**GIVEN INFORMATION**

*** Block opens ***

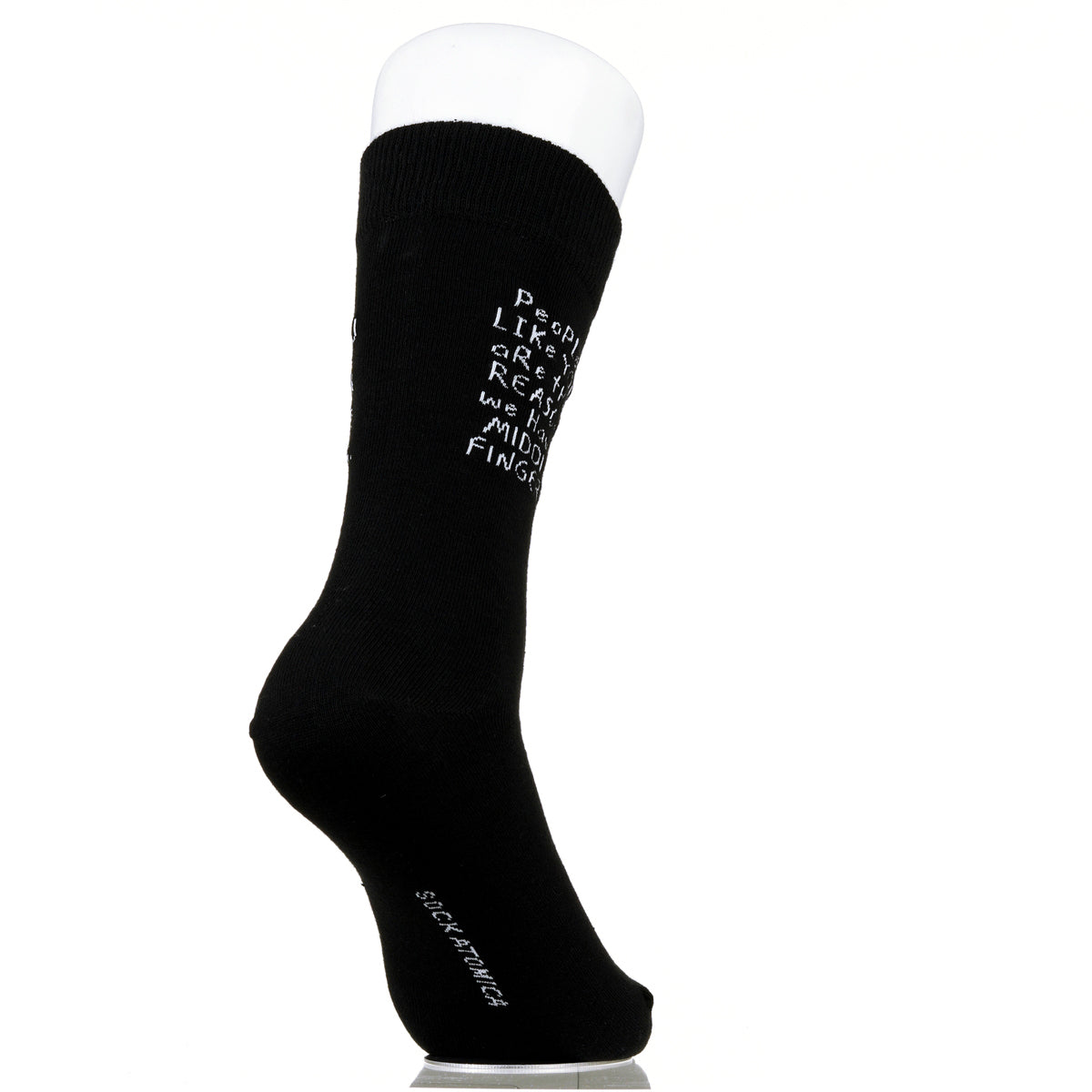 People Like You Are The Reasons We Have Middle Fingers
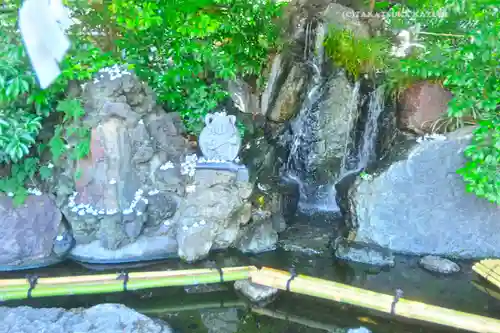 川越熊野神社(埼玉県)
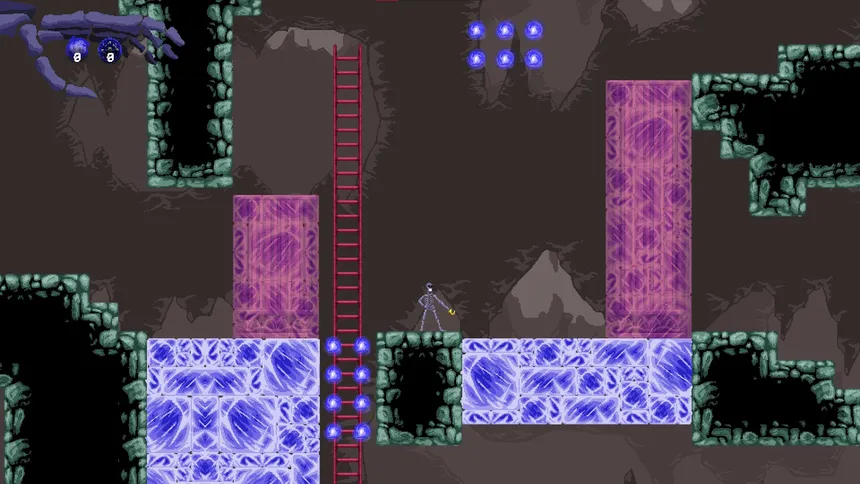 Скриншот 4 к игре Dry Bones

*** Block closes ***

**TASK DESCRIPTION**
Reproduce the material above verbatim; omit every picture.

**THE ANSWER**
 People Like You Are The Reasons We Have Middle Fingers
 川越熊野神社(埼玉県)
 Скриншот 4 к игре Dry Bones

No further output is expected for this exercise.